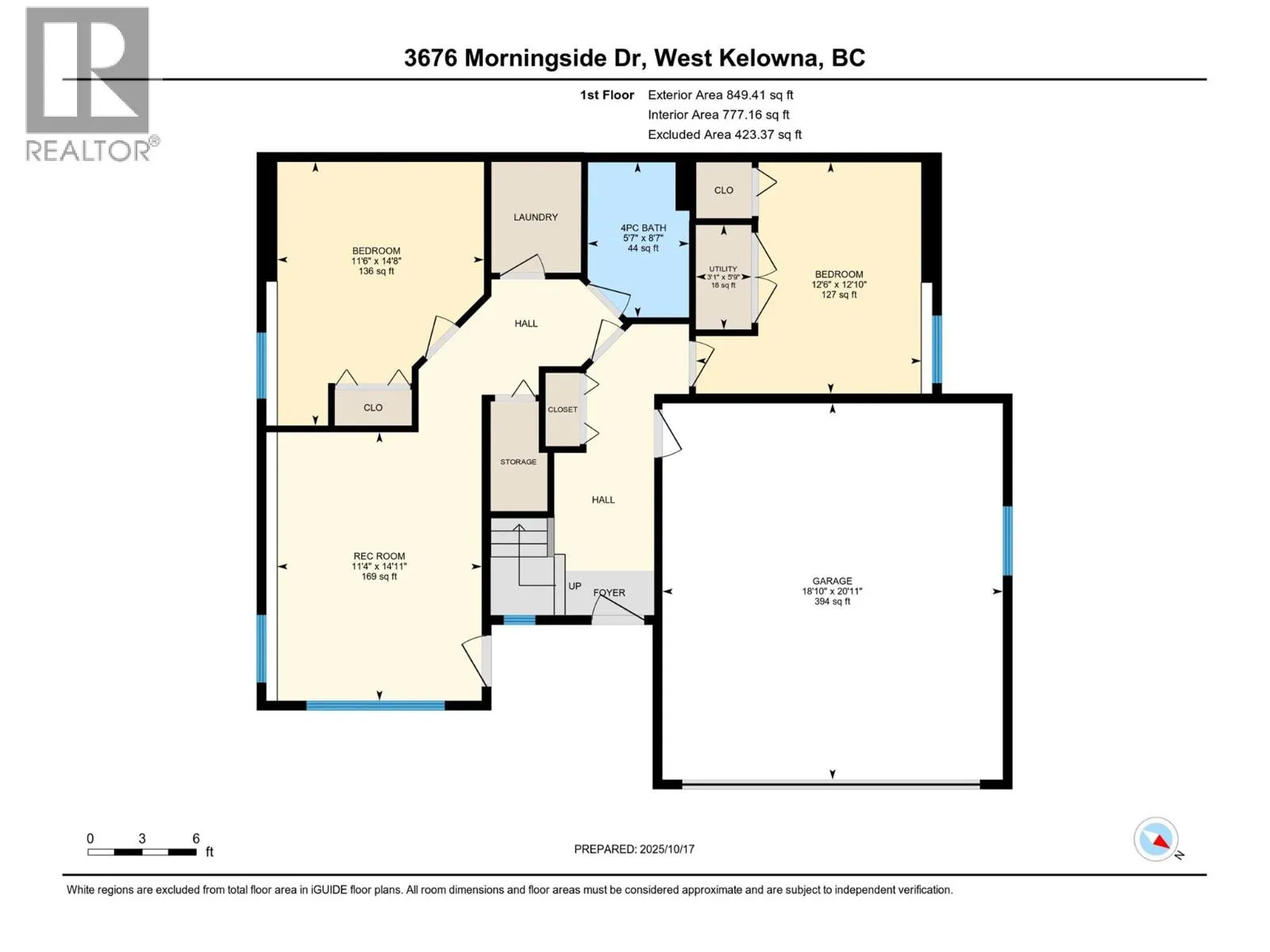 3676 Morningside Drive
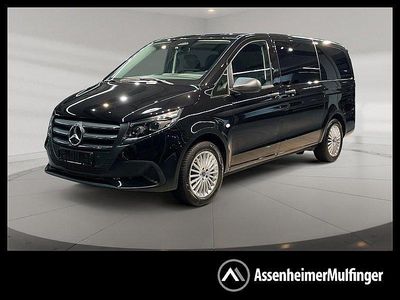 Usata Mercedes Vito 237 CV (174 kW) 2025 Nero Furgone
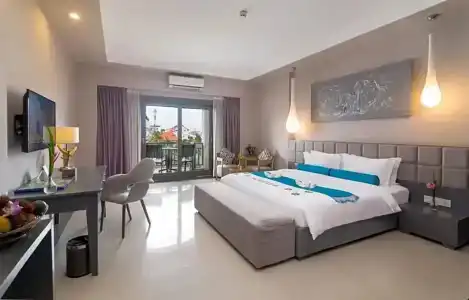 Damrei Angkor - 121
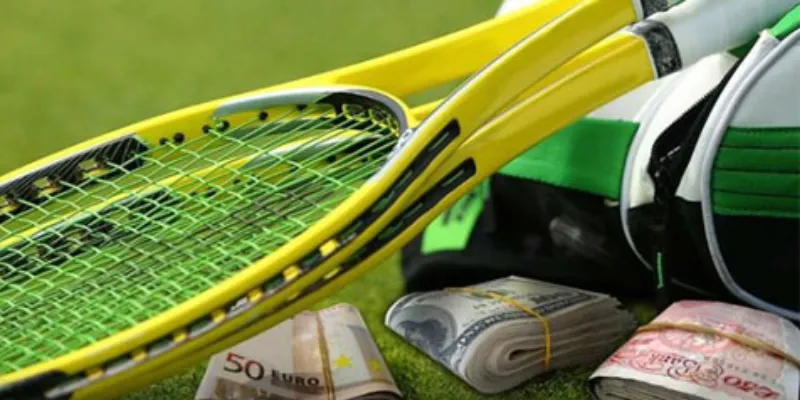 Các loại cược tennis phổ biến và cách thức hoạt động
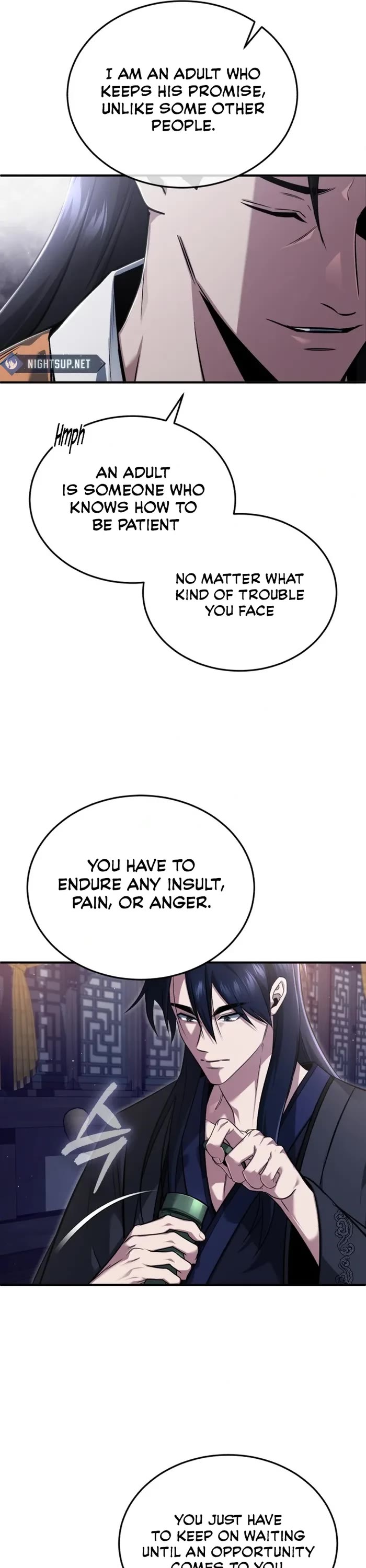 Regressor’s Life After Retirement Chapter 79 page 6 - Chapter 79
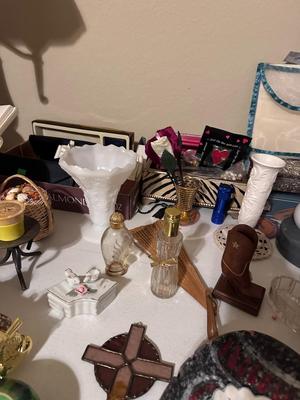 Lamps, Trinkets, Goodies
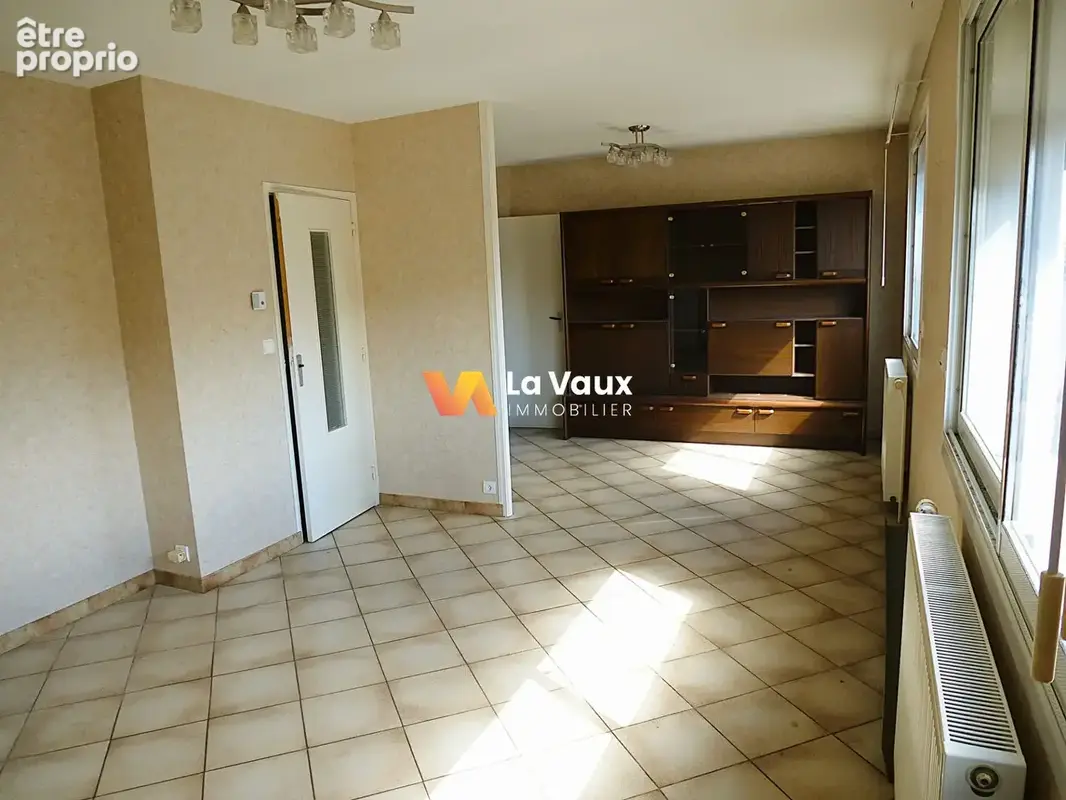 DOMBASLE SUR MEURTHE : maison individuelle 93 m² - photo 5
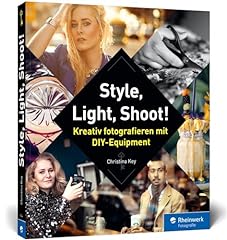 Style light shoot gebraucht kaufen  Wird an jeden Ort in Deutschland
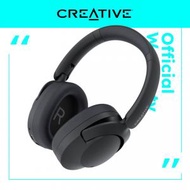 CREATIVE - Creative Zen Hybrid 2 配備混合 ANC 功能的無線頭戴式耳機 - 黑色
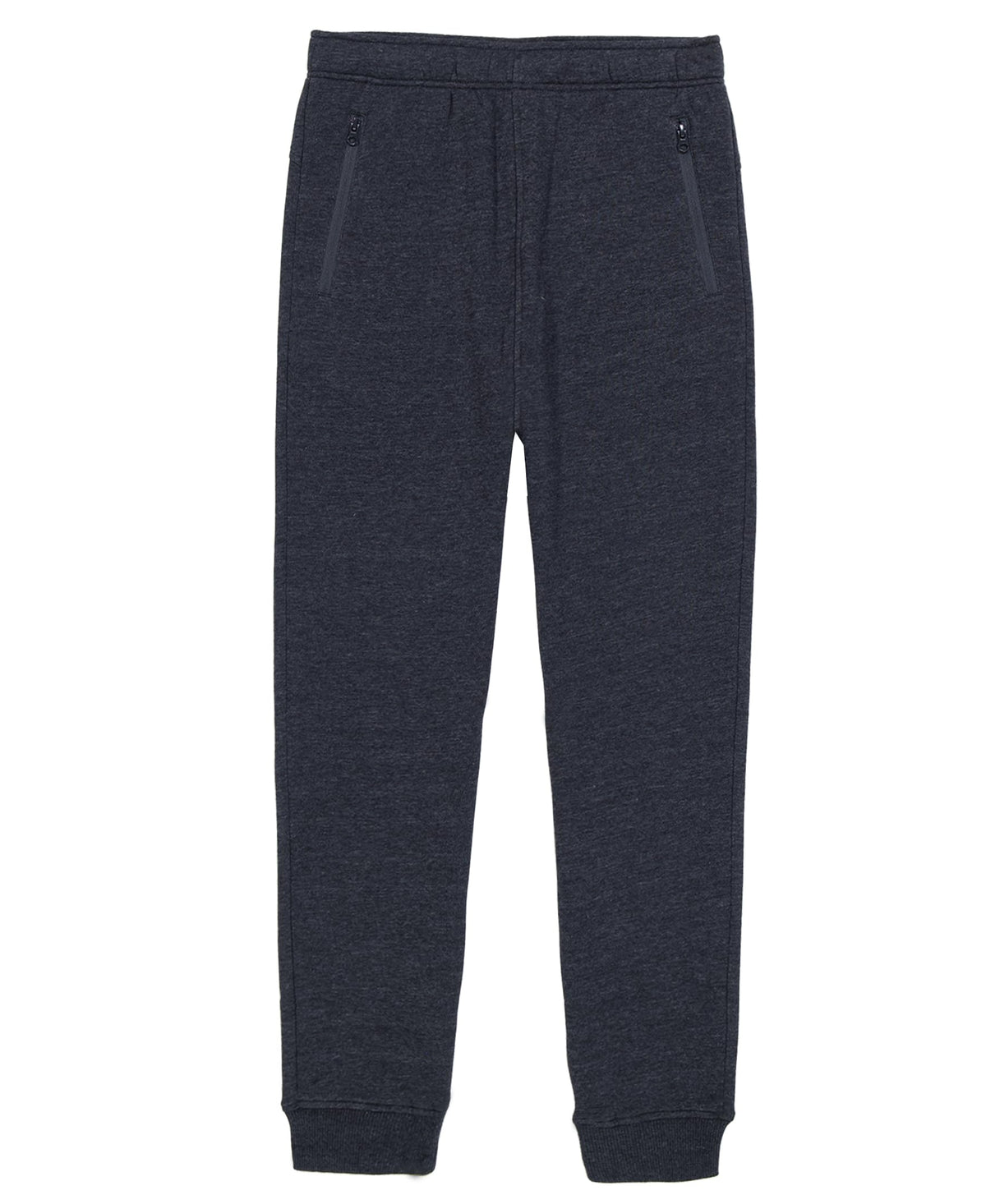 Nautica Boys Basic Fleece Jogger Sweatpants, Elastic Waistband with Drawstring Closure, Super Soft Cotton-Blend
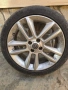гуми с джанти 215/45/17-4бр., снимка 1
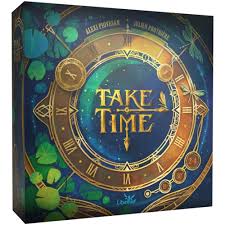 TAKE TIME · Play! Board Game Store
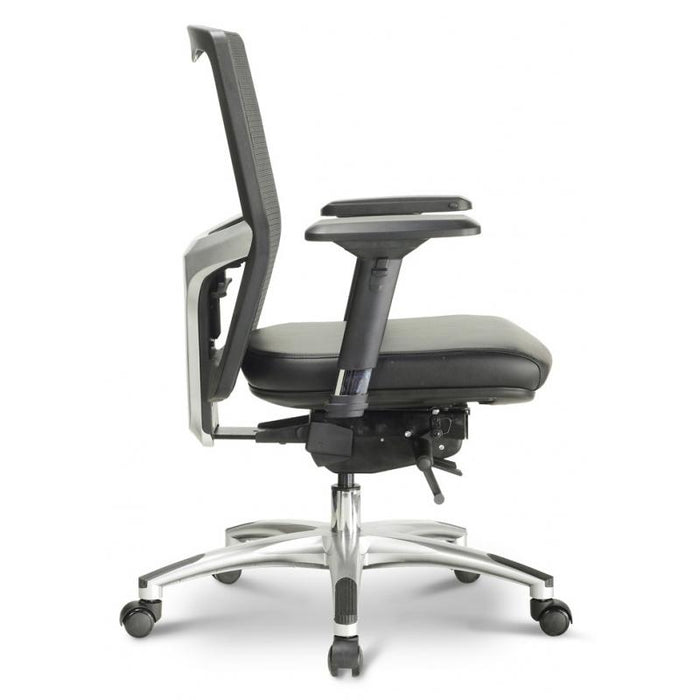 Adona Ergonomic Executive Task Chair - Freedman's Office Furniture - Right Side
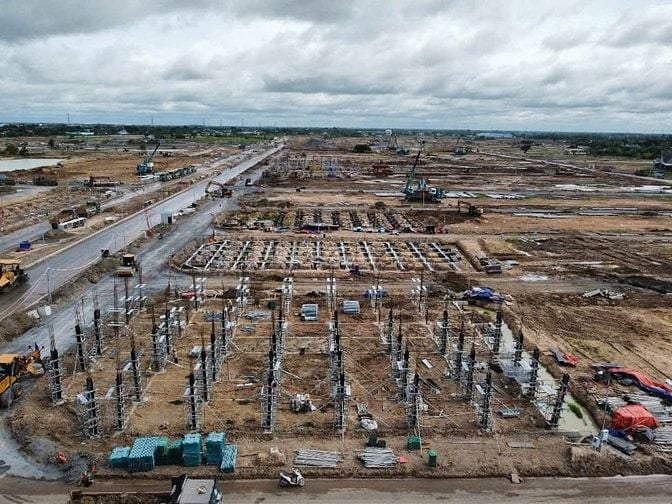 Mở bán giai đoạn 1 Vinhome Green City Hậu Nghĩa chỉ từ 3,9 Tỷ 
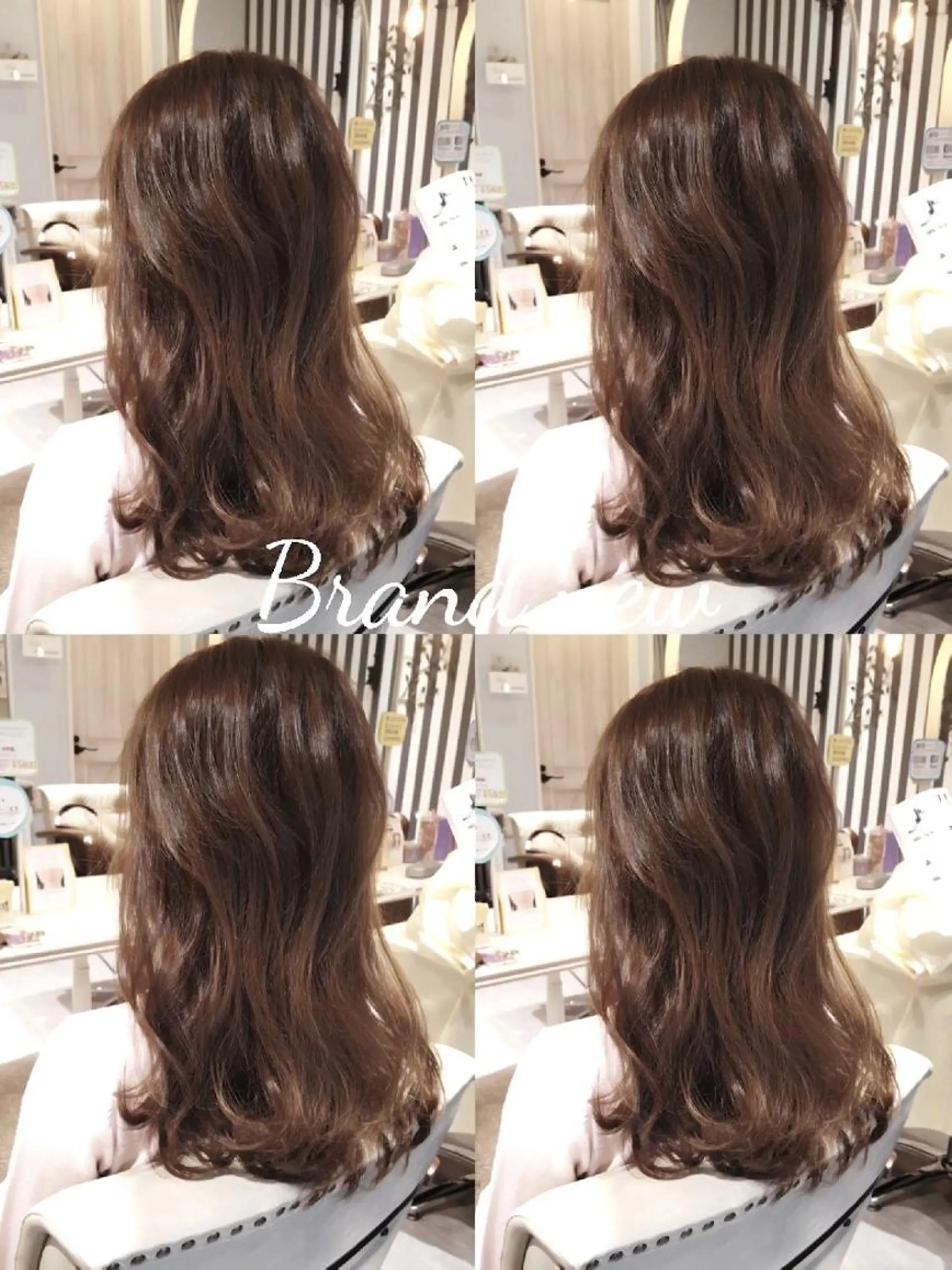 セミロング asteria所属・🌟 asteria アステリア🌟のマツエク・マツパデザイン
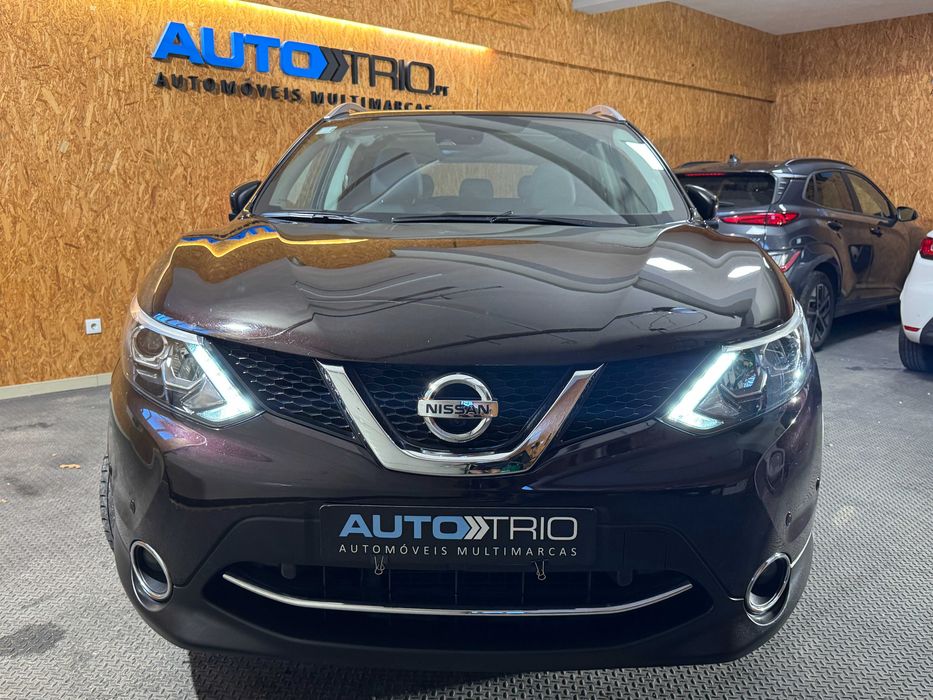 Nissan Qashqai 1.5dCi Full Extras Tekna Premium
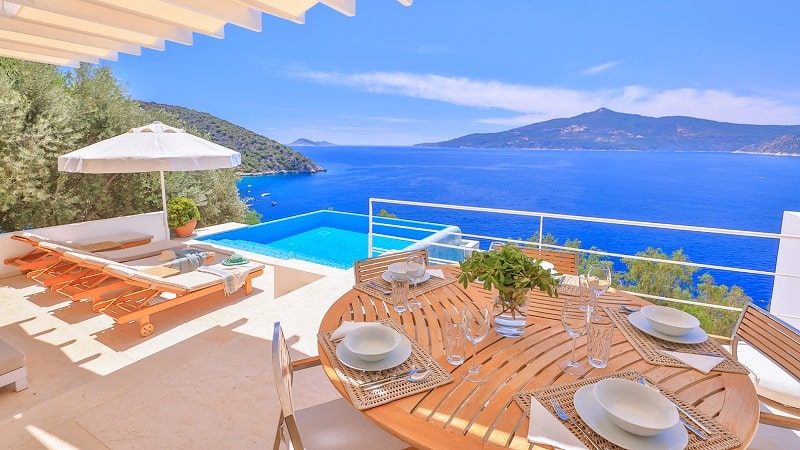 خرید خانه در بدروم ترکیه ؛ بهترین زمان سال برای خرید ملک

====================

Reproduce the listing above exactly from the line containing "Nautica Boys Basic" up to and including the line containing "セミロング asteria所属・🌟 asteria", omitting any images and everything outside those lines.

* _RESPONSE TO THIS TASK_
 Nautica Boys Basic Fleece Jogger Sweatpants, Elastic Waistband with Drawstring Closure, Super Soft Cotton-Blend
гуми с джанти 215/45/17-4бр., снимка 1
 TAKE TIME · Play! Board Game Store
 Adona Ergonomic Executive Task Chair - Freedman's Office Furniture - Right Side
 Mở bán giai đoạn 1 Vinhome Green City Hậu Nghĩa chỉ từ 3,9 Tỷ 
 セミロング asteria所属・🌟 asteria アステリア🌟のマツエク・マツパデザイン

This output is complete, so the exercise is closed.